On August 11, 2016, the Securities and Exchange Commission (“SEC”) filed suit in the United States District Court for the Southern District of Florida against Global Digital Solutions, Inc. (“GDSI”), Richard J. Sullivan (“Sullivan”) and David A. Loppert (“Loppert”) to enjoin GDSI; Sullivan, GDSI’s former Chairman and CEO; and Loppert, GDSI’s former CFO from alleged further violations of the anti-fraud and reporting provisions of the federal securities laws, and against Sullivan and Loppert from alleged further violations of the certification provisions of the federal securities laws.
 
On October 12, 2016, Defendant GDSI filed its First Answer to the Complaint. On November 9, 2016, Defendant Sullivan filed a Letter with the Court denying all allegations regarding the case. On December 15, 2016, the SEC filed a Motion for Judgment and Notice of Filing of Consent of Defendant Loppert to entry of Final Judgment by the SEC. On December 19, 2016, the Court entered an order granting the SEC’s Motion for Judgment as to Defendant Loppert. On December 21, 2016, the SEC filed a Notice of Settlement as entered into by it and Defendants GDSI and Sullivan. On December 23, 2016, the Court entered an Order staying the case and directing the Clerk of the Court to close the case for statistical purposes per the December 21, 2016 Notice of Settlement. On March 7, 2017, the SEC moved for a Judgment of Permanent Injunction and Other Relief and Notice of Filing Consent of Defendant GDSI to Entry of Judgment by the SEC. On March 13, 2017, the Judge signed the Judgment as to Defendant GDSI and it was entered on the Court’s docket.

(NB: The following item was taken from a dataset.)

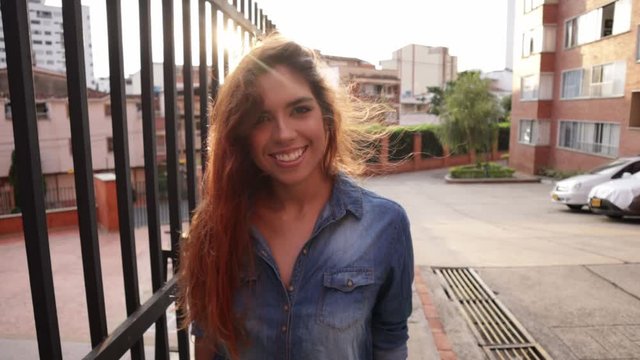 Latin woman moving hair and smiling with sunset behind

On April 6, 2017, the SEC moved for a final Judgment of Permanent Injunction and Other Relief and Notice of Filing Consent of Defendant Sullivan. On April 10, 2017, the Judge signed the final Judgment as to Defendant Sullivan and it was entered on the Court’s docket. On December 21, 2017, the SEC moved for a final Judgment and Notice of Filing Consent of Defendant GDSI to Entry of Final Judgment. On January 2, 2018, the Judge signed the Final Judgment as to Defendant GDSI and it was entered on the Court’s docket. The amount of the judgement is One Hundred Thousand Dollars ($100,000) plus interest.
 
PMB Helin Donovan, LLP vs. Global Digital Solutions, Inc. in the Circuit Court for the 15th Judicial Circuit in and for Palm Beach County, Florida, Docket No.: 50-2017-CA-011937-XXXX-MB
 
On October 31, 2017, PMB Helin Donovan, LLP filed an action for account stated in Palm Beach County. Global Digital Solutions, Inc. (“GDSI”) settled the matter for Forty Thousand Dollars ($40,000) of which the first payment of Ten Thousand Dollars ($10,000) has been paid.
 
Jennifer Carroll vs. Global Digital Solutions, Inc., North American Custom Specialty Vehicles, Inc., in the Circuit Court for the 15th Judicial Circuit in and for Palm Beach County, Florida, Case No.: 50-2015-CC-012942-XXXX-MB
 
On October 27, 2017, Plaintiff Jennifer Carroll moved the court for a default judgment against Defendant Global Digital Solutions, Inc. (“GDSI”) and its subsidiary North American Custom Specialty Vehicles Inc. The amount of the judgement is Fifteen Thousand Dollars ($15,000) plus fees of Thirteen Thousand Three Hundred Fifty-Three Dollars ($13,353) and costs of Six Hundred Twenty-Four Dollars ($624).
 
ITEM 1A. RISK FACTORS
 
As a smaller reporting company, we are not required to provide the information required by this Item. We note, however, that an investment in our common stock involves a number of very significant risks. Investors should carefully consider the risk factors included in the “Risk Factors” section of our Annual Report on Form 10-K for our fiscal year ended December 31, 2017, as filed with SEC on June 27, 2018, in addition to other information contained in such Annual Report and in this Quarterly Report on Form 10-Q, in evaluating the Company and our business before purchasing shares of our common stock. The Company’s business, operating results and financial condition could be adversely affected due to any of those risks.
 
ITEM 2. UNREGISTERED SALES OF EQUITY SECURITIES AND USE OF PROCEEDS
 
On July 5, 2018, the Company sold 1,330,000 of their common shares to an unrelated party, at $0.005 per share, for a total purchase price of $6,650.
 
On August 15, 2018, the Company sold 2,000,000 of their common shares to an unrelated party, at $0.005 per share, for a total purchase price of $10,000.
 
The above issuances were exempt from the registration requirements of the Securities Act pursuant to the exemption for transactions by an issuer not involved in any public offering under Section 4(a)(2) of the Securities Act. The Company intends to use the proceeds of the foregoing transactions for general working capital purposes. The foregoing descriptions do not purport to be complete, and are qualified in their entirety by reference to the full text of such documents attached hereto as exhibits and incorporated herein by reference.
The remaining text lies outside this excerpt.